SUPPLIED DATA
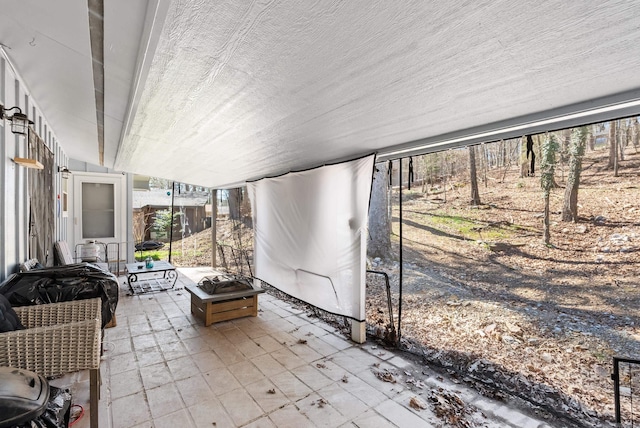 view of patio / terrace featuring an outdoor fire pit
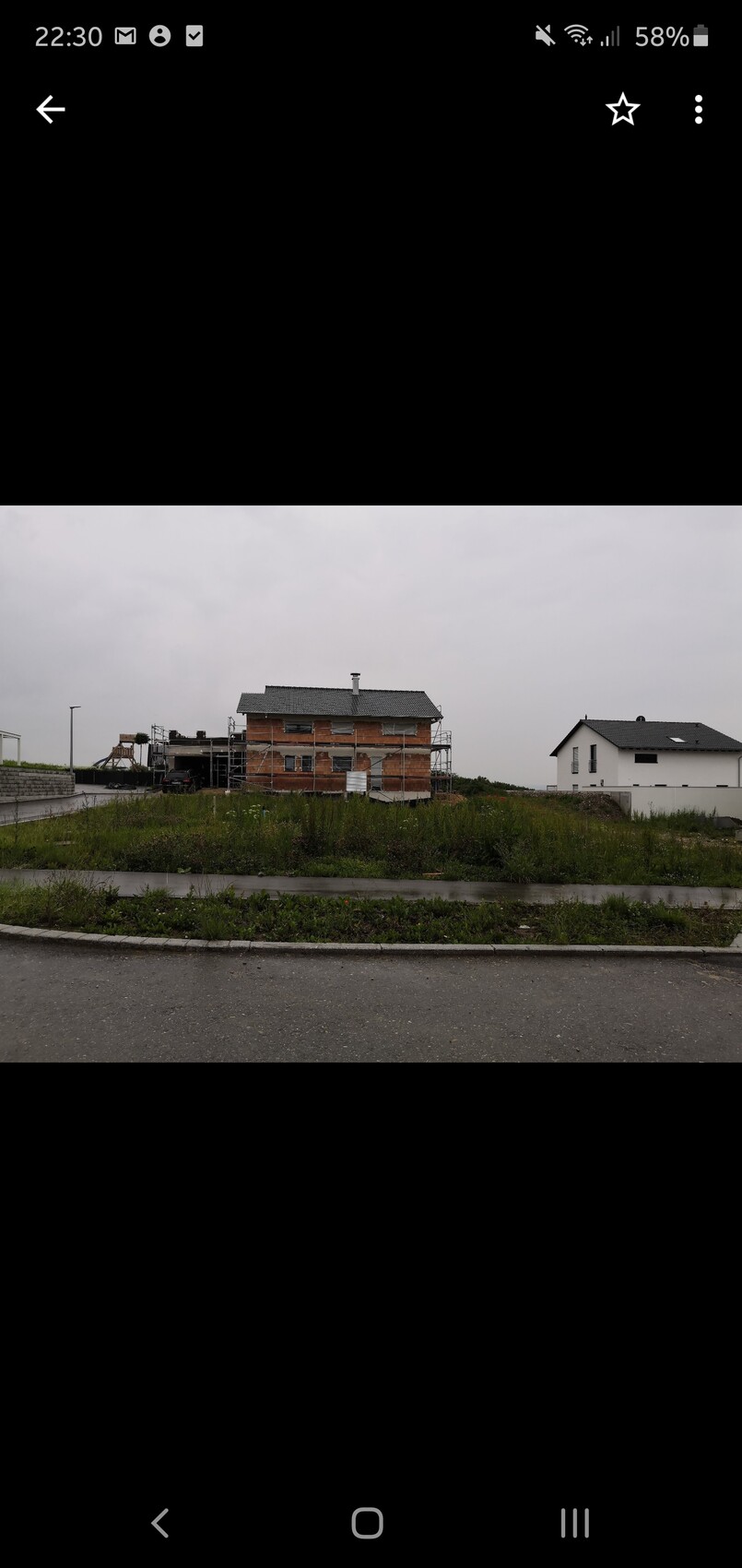 Zweistöckiges Haus im Bau mit Gerüst; daneben ein fertiges weißes Haus, Baustelle auf Grasfläche.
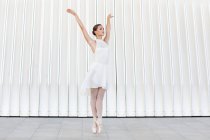 Young female ballet dancer in tiptoe in pointe shoes with raised leg and arm dancing on tiled pavement outdoors — Stock Photo
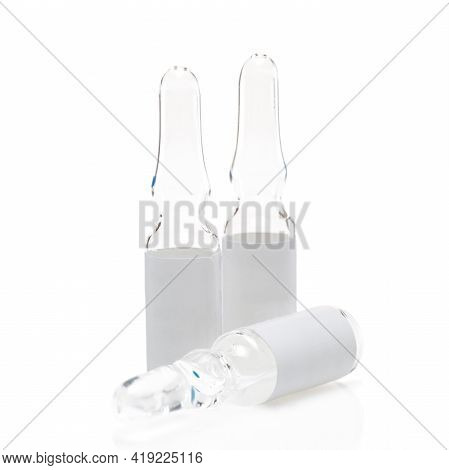 Glass Vials With Vaccine On White Background, Isolate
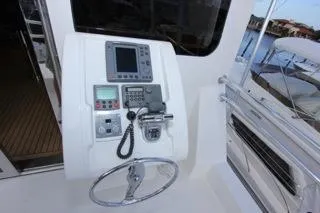 Slide: The Image of 2001 Precision Convertible boat control panel with steering wheel and navigation equipment. - 4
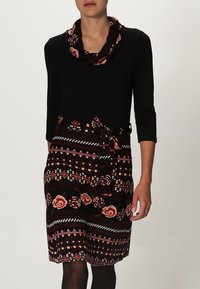 Maglia nera a maniche lunghe con collo a caramella, abbinata a una gonna a fantasia con motivi floreali e geometrici nei toni del bordeaux, crema e verde scuro.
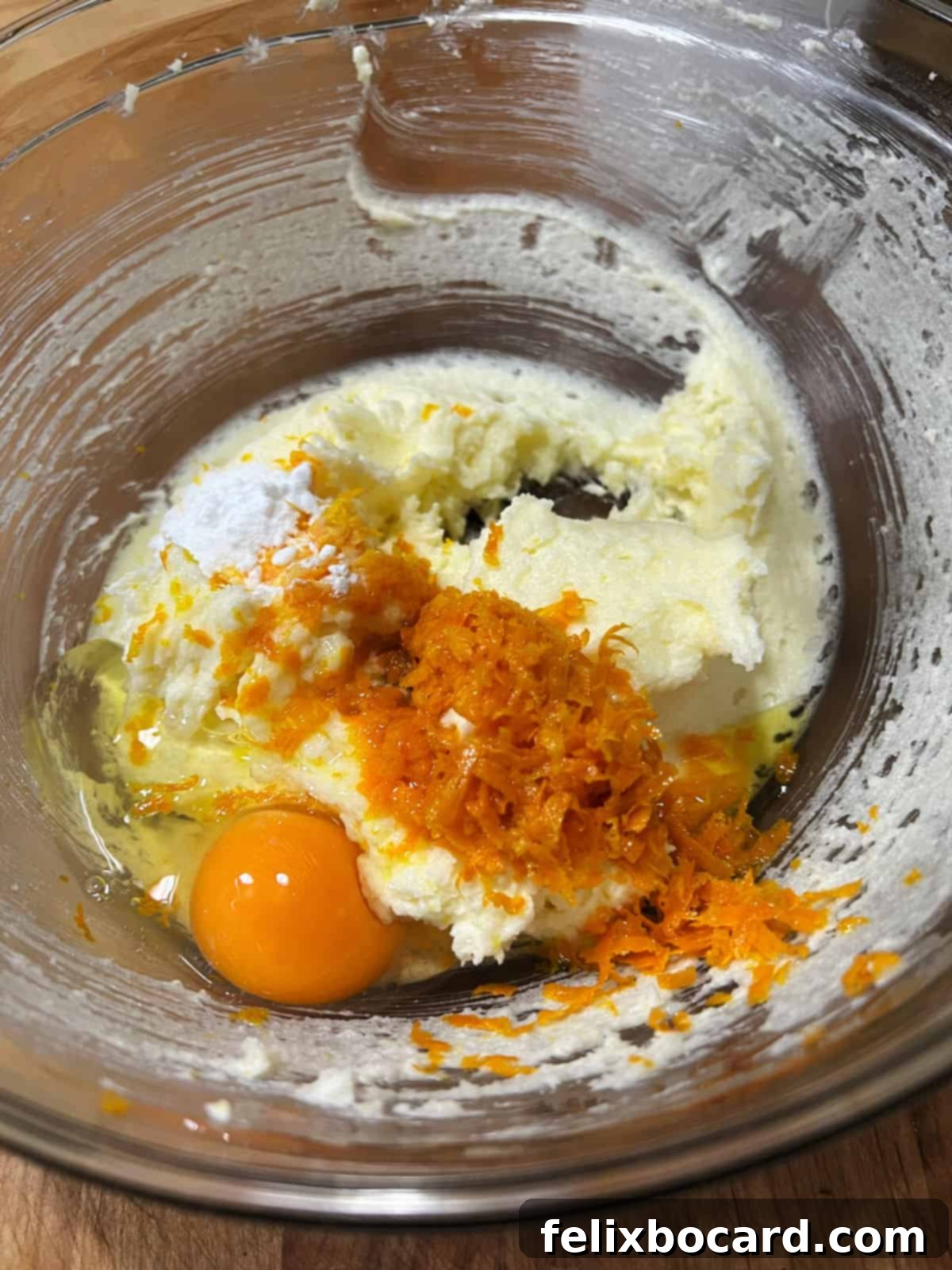 Adding orange zest and egg to the bowl.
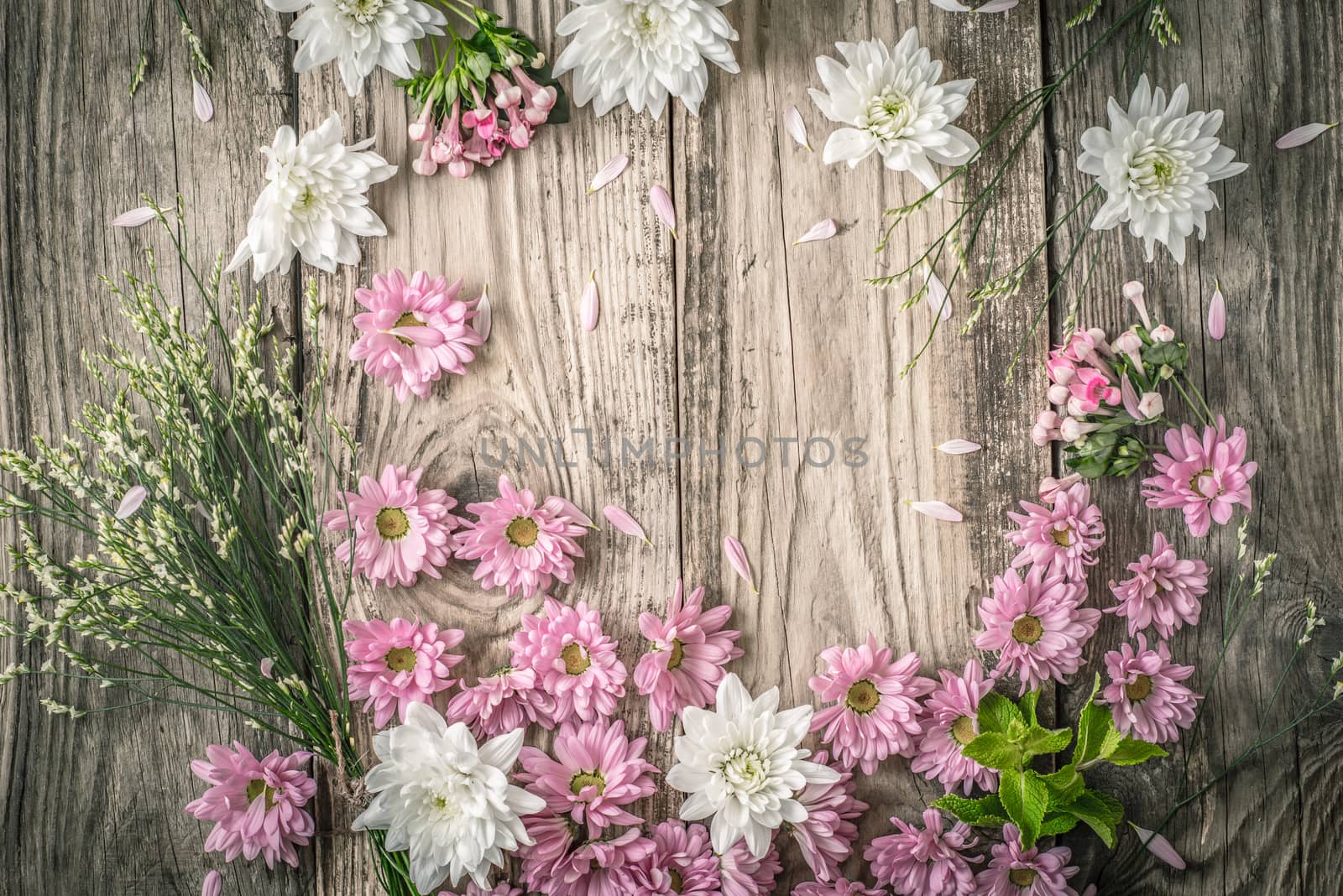 Composition of different  flowers on the wooden background top view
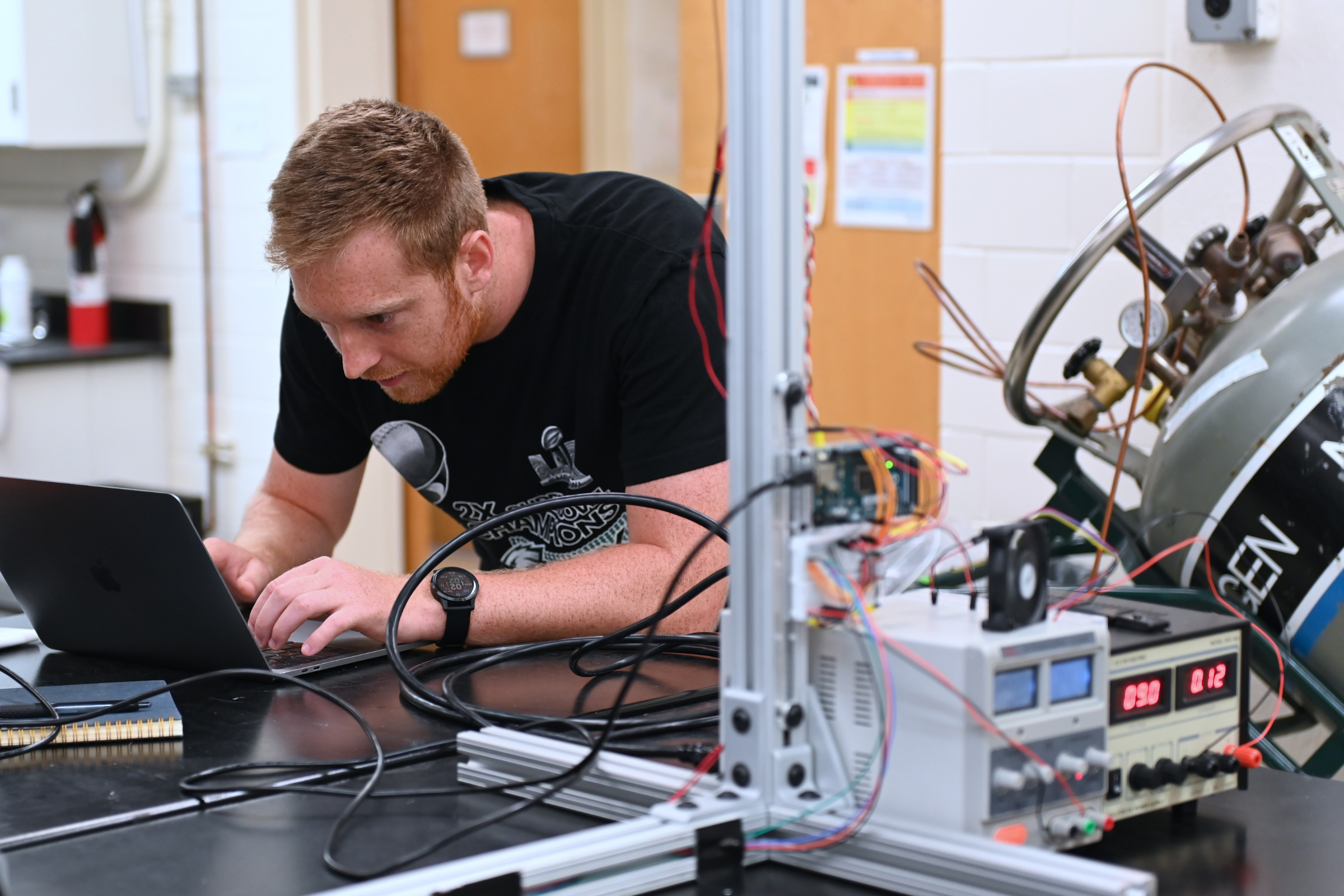 John McGrath at a lab bench with machinery 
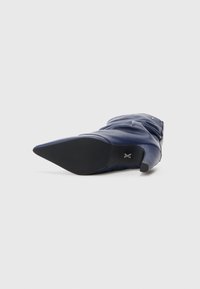 Cizmă din piele de culoare bleumarin, până la genunchi, cu vârf ascuțit, având un toc mic și textură strânsă pe ax. Talpă solidă din cauciuc negru.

BRIEF
Pictures do not belong in the copy. Repeat exactly each line from the one with "Young female ballet" through the end of the listing.

OUTPUT BELOW
 Young female ballet dancer in tiptoe in pointe shoes with raised leg and arm dancing on tiled pavement outdoors — Stock Photo
 Glass Vials With Vaccine On White Background, Isolate
 Slide: The Image of 2001 Precision Convertible boat control panel with steering wheel and navigation equipment. - 4
 Maglia nera a maniche lunghe con collo a caramella, abbinata a una gonna a fantasia con motivi floreali e geometrici nei toni del bordeaux, crema e verde scuro.
 Adding orange zest and egg to the bowl.
 Composition of different  flowers on the wooden background top view
 John McGrath at a lab bench with machinery 
 Cizmă din piele de culoare bleumarin, până la genunchi, cu vârf ascuțit, având un toc mic și textură strânsă pe ax. Talpă solidă din cauciuc negru.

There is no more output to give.